Nothing but the pictures gets dropped; retype every entry exactly.

EXCERPTED RECORDS: Begin

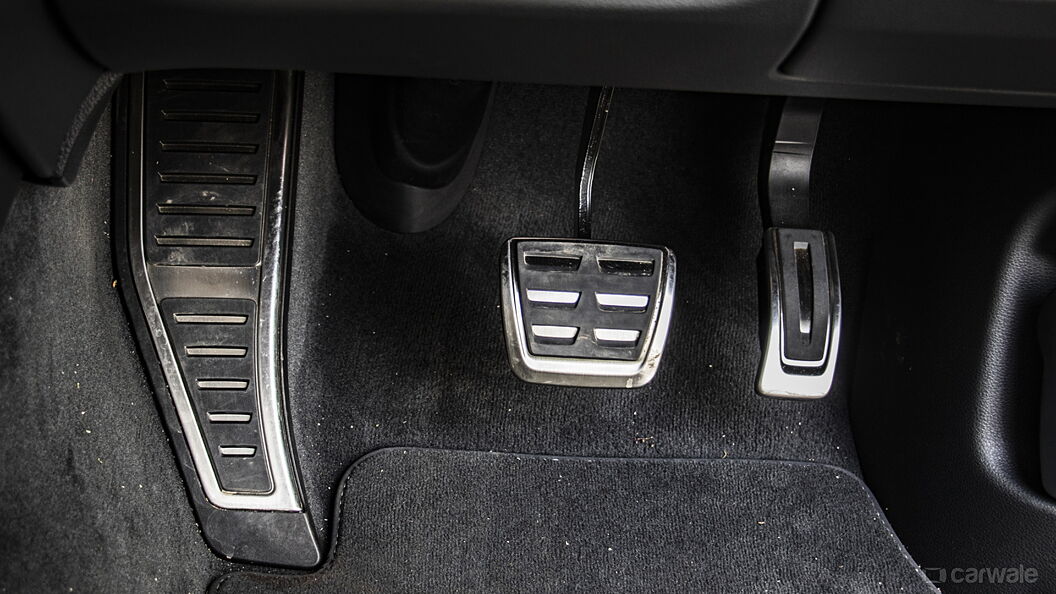 Audi Q8 Pedals/Foot Controls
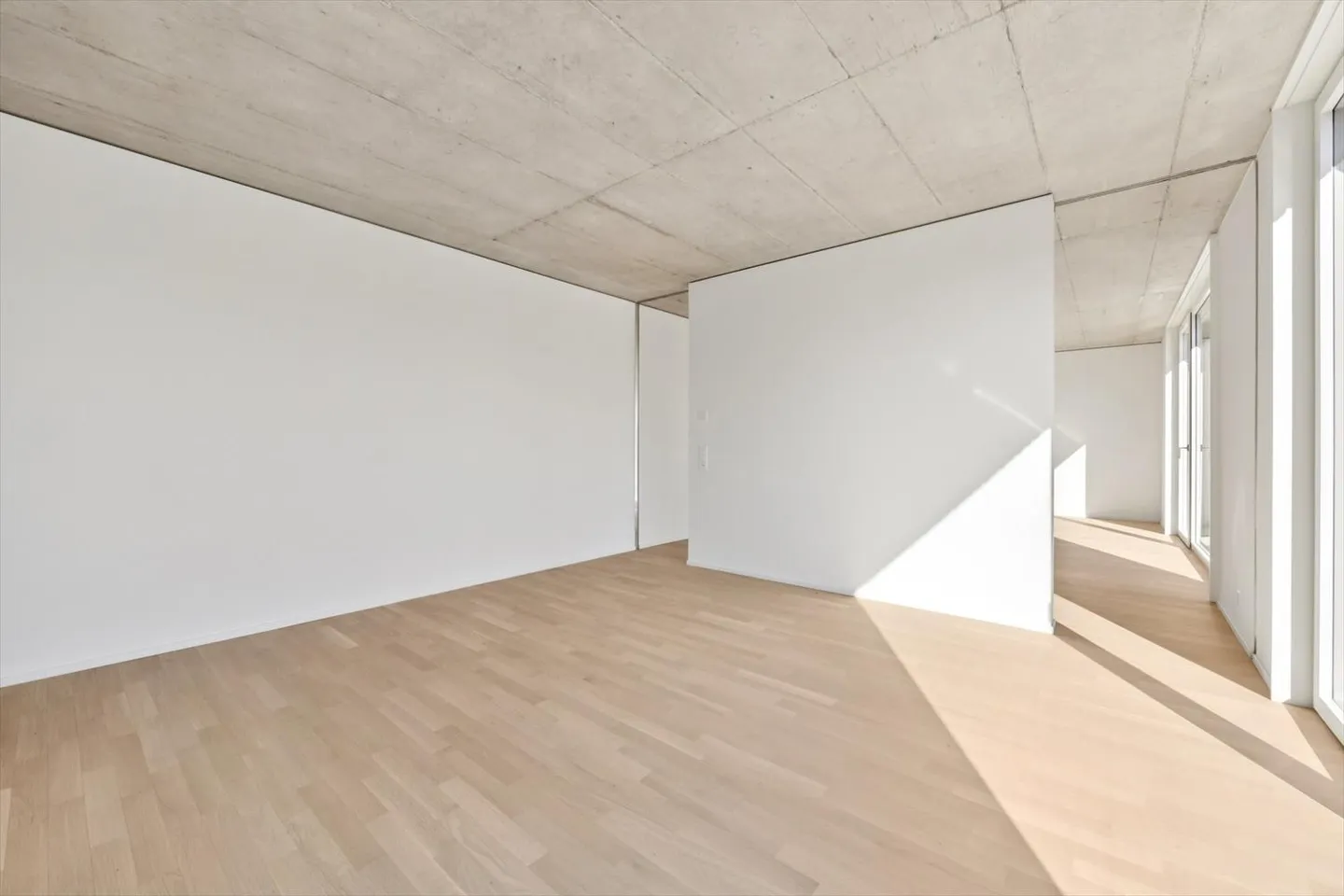 Modern penthouse apartment with character in urban district 6 - Photo 9 of 11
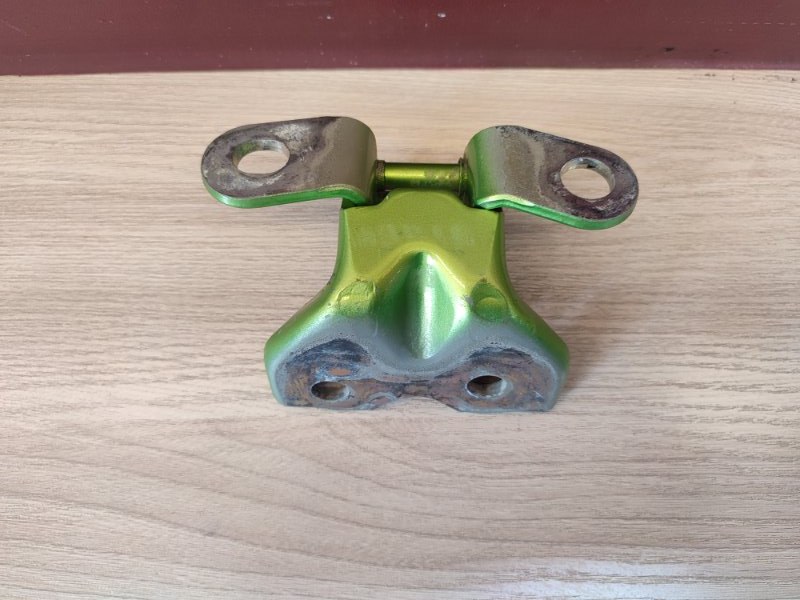 Петля двери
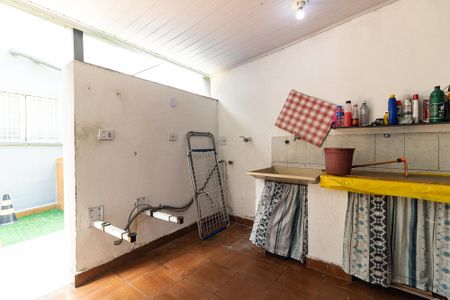 Casa à venda com 170m², 4 quartos e 2 vagas Casa à venda com 170m², 4 quartos e 2 vagasLavanderia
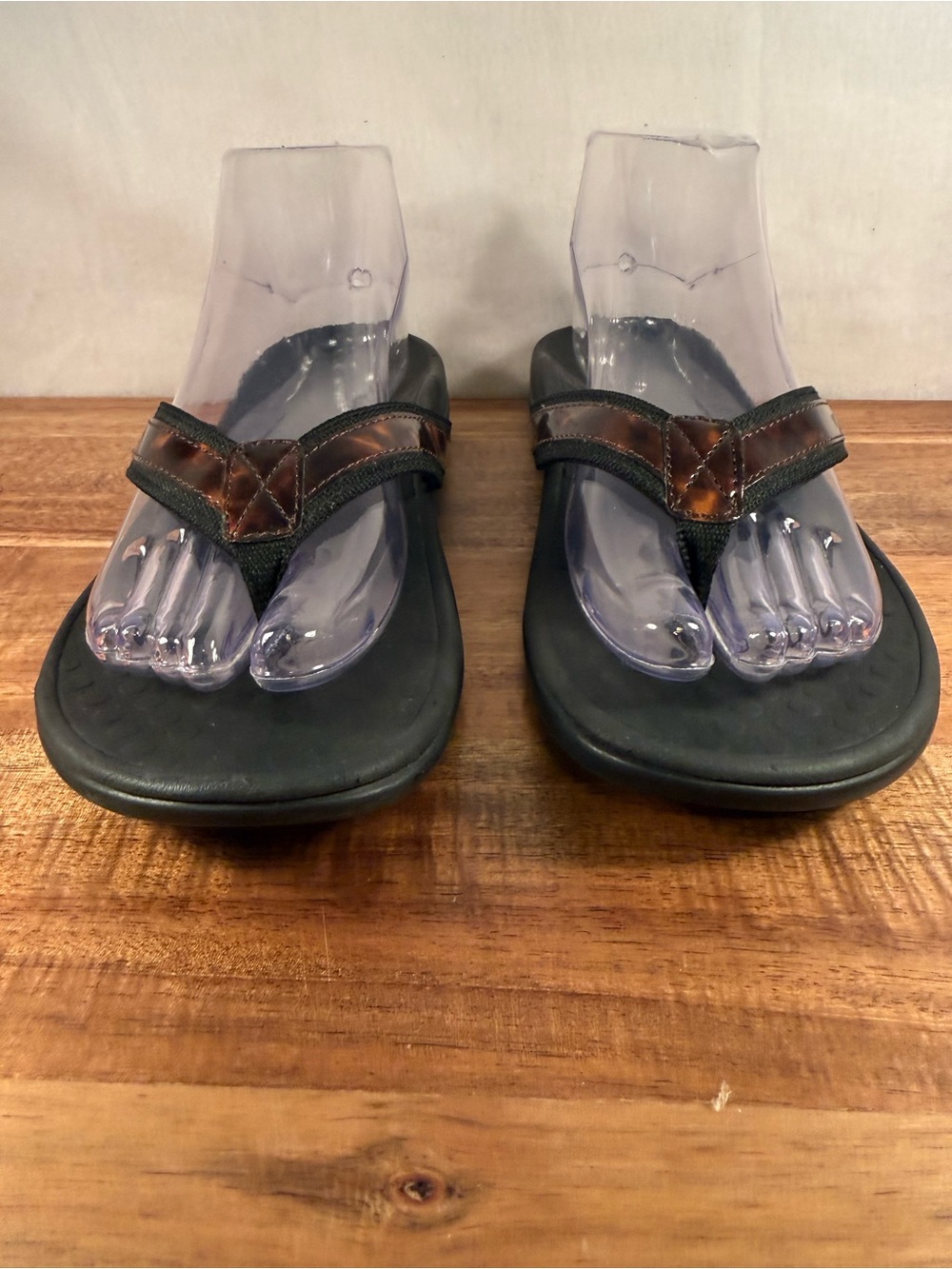 Vionic Tide II Sandals in Brown and Black Size 7 - Picture 3 of 11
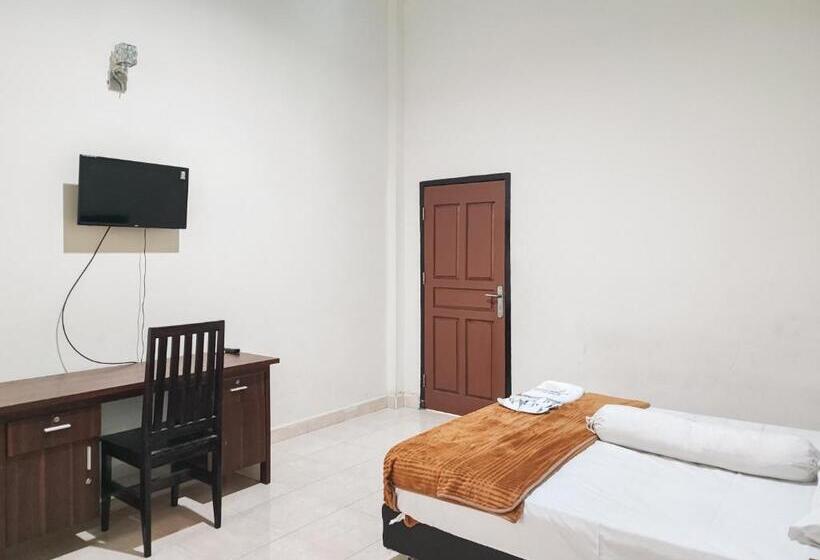 חדר דלוקס, Reddoorz Plus Syariah Near Simpang Rimbo Jambi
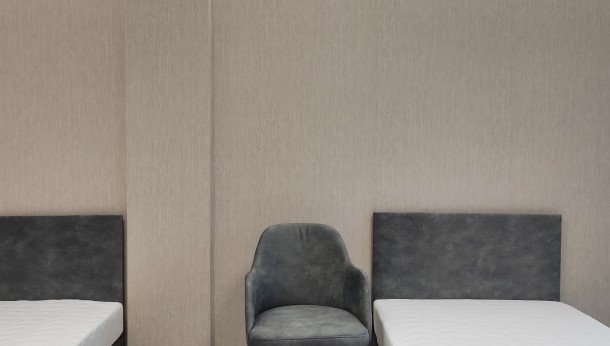 SPORTOWA REALIZACJA Z TAPETĄ KNIGHTWOOD
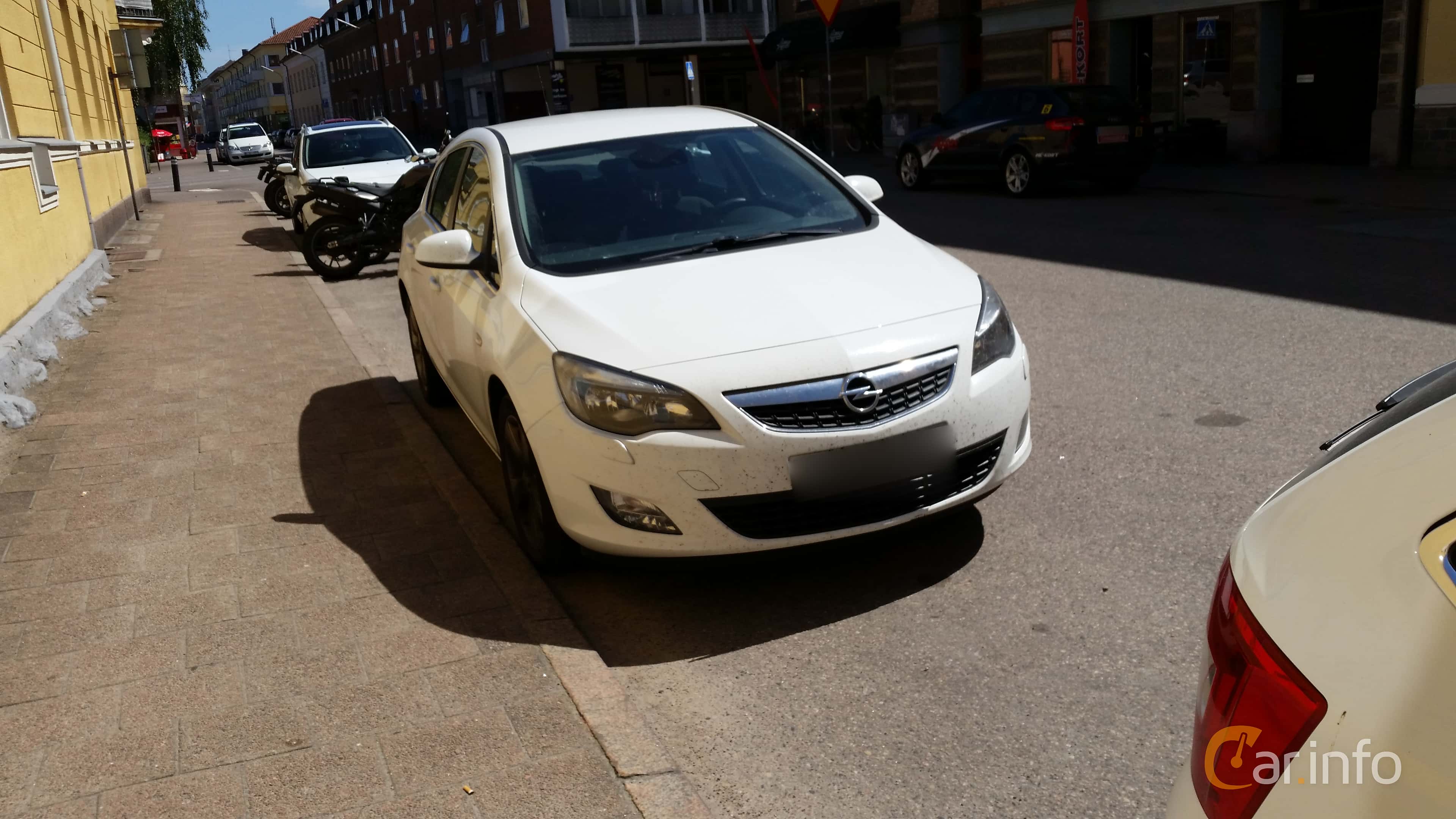 Renault Mégane 5-door 1.4 Manual, 98hp, 2004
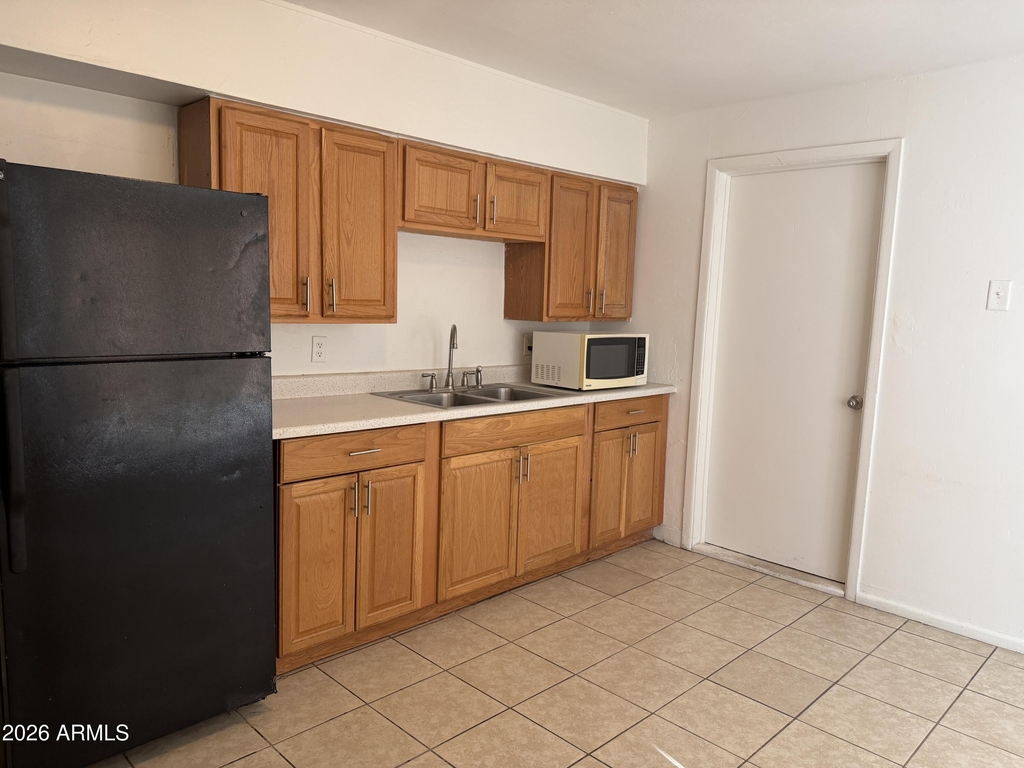 200 W Hill Drive - Photo 9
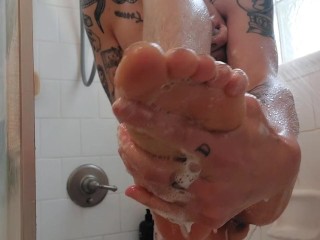 Tranny boy gets off in the shower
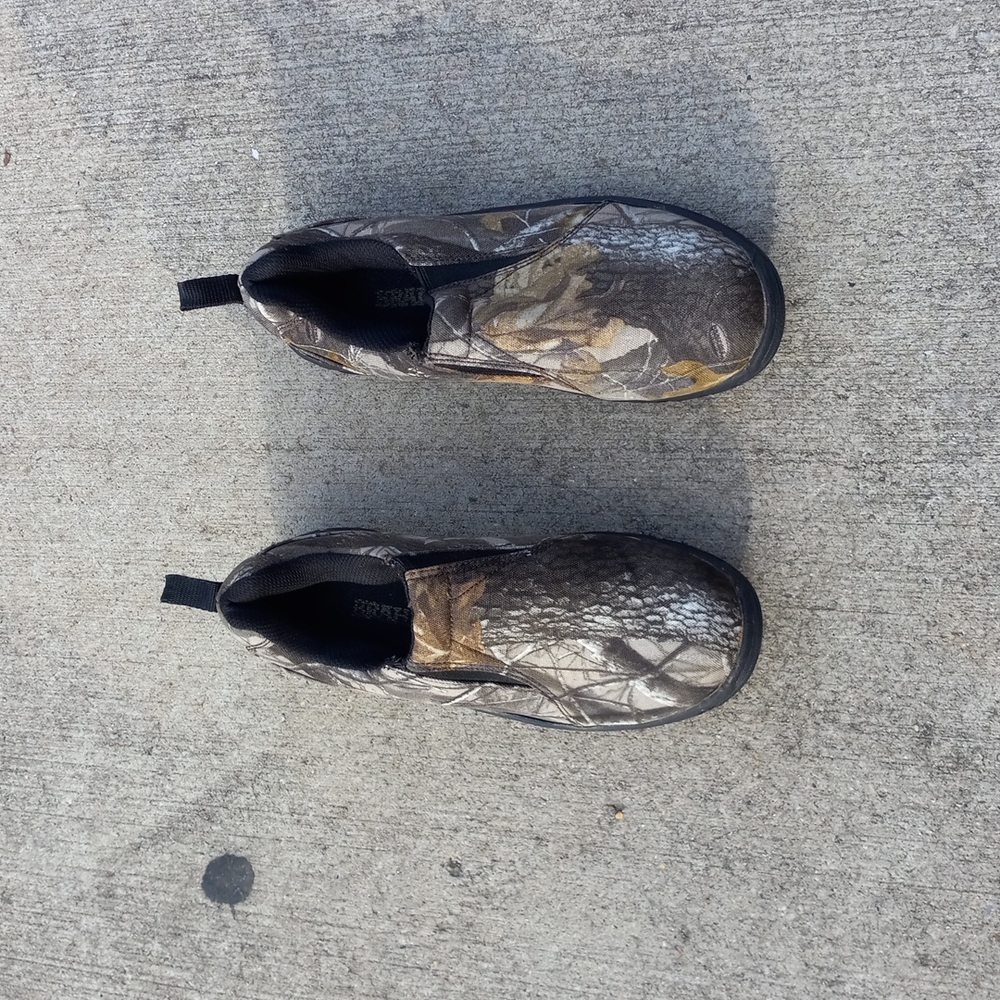 Man's water shoes 110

EXCERPTED RECORDS: End

▶ [OUTPUT OF THE EXERCISE]
 Audi Q8 Pedals/Foot Controls
 Modern penthouse apartment with character in urban district 6 - Photo 9 of 11
 Петля двери
 Casa à venda com 170m², 4 quartos e 2 vagas Casa à venda com 170m², 4 quartos e 2 vagasLavanderia
 Vionic Tide II Sandals in Brown and Black Size 7 - Picture 3 of 11
 חדר דלוקס, Reddoorz Plus Syariah Near Simpang Rimbo Jambi
 SPORTOWA REALIZACJA Z TAPETĄ KNIGHTWOOD
 Renault Mégane 5-door 1.4 Manual, 98hp, 2004
 200 W Hill Drive - Photo 9
 Tranny boy gets off in the shower
 Man's water shoes 110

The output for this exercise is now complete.